フィリピンが管轄する海域に落下した中国のロケットの残骸を、フィリピン海軍が回収したところ、中国の公船が妨害し強奪した模様です。
中国による宇宙開発では、ロケットや衛星の残骸の落下が世界中で問題となっているにも関わらず中国政府は意に介せず、今回も横暴さが際立った形です。
しかし、フィリピン側は、当の海軍は憤慨しているものの、今年、就任したマルコス新大統領は、中国への抗議はしないとしています。
マルコス氏は、大統領就任以前から個人的に中国との関係が深いことで知られ、就任後も中国との関係強化を打ち出しています。
今回も、“親中”の姿勢が裏付けられたと見られています。
一方で、フィリピンは日本との防衛関係の強化を図っています。
今月末からは、航空自衛隊のF-15戦闘機がフィリピンに派遣され、フィリピン空軍と共同訓練を行うことが計画されています(※)。

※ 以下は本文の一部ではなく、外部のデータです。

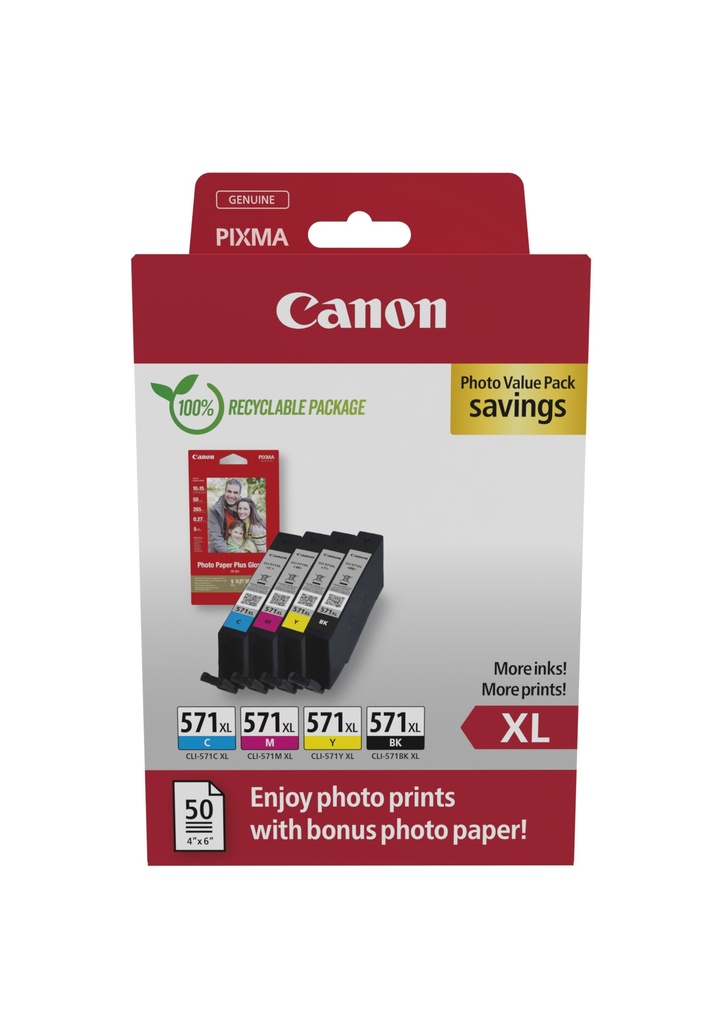 [170008441103] Canon 0332C006 inktcartridge 4 stuk(s) Origineel Hoog (XL) rendement Zwart, Cyaan, Magenta, Geel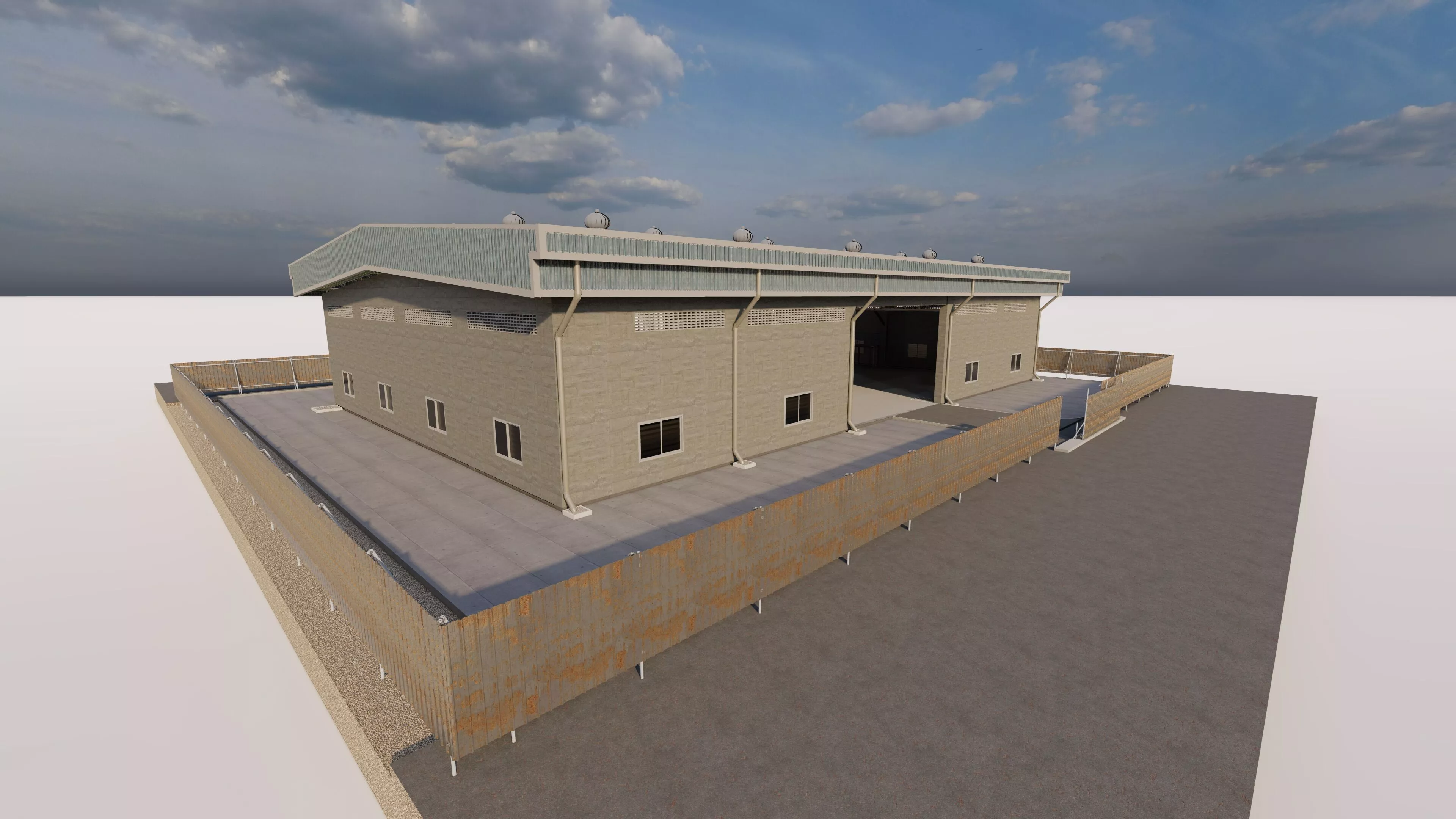 Warehouse Building -Metal Warehouse 3D model
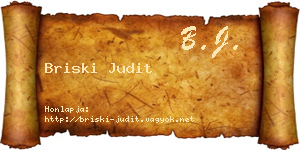 Briski Judit névjegykártya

今までは人道支援や災害救援の共同訓練の実績はあるものの、戦闘機が派遣されるのは初めてとなります。
また、フィリピンは、日本の武器輸出三原則が緩和されて以降、初めて国産装備品の輸出が決まった国でもあります。
具体的には防空用のレーダーですが、他に外国へのめぼしい輸出実績が無いだけに、日本にとってフィリピンは貴重な存在と言えます。
フィリピンは、決して裕福な国ではなく国内で様々な問題を抱えている上に、米国と中国という大国の間で難しいかじ取りを迫られているのは事実です。
日本にとっても、フィリピンはシーレーン上に位置し、台湾と同様に地政学的に重要です。
ですから、日本は、同じ自由・民主・信仰の価値観を有する国として、これ以上、中国になびかないように、フィリピンに注目し関係強化を図っていく必要があると考えます。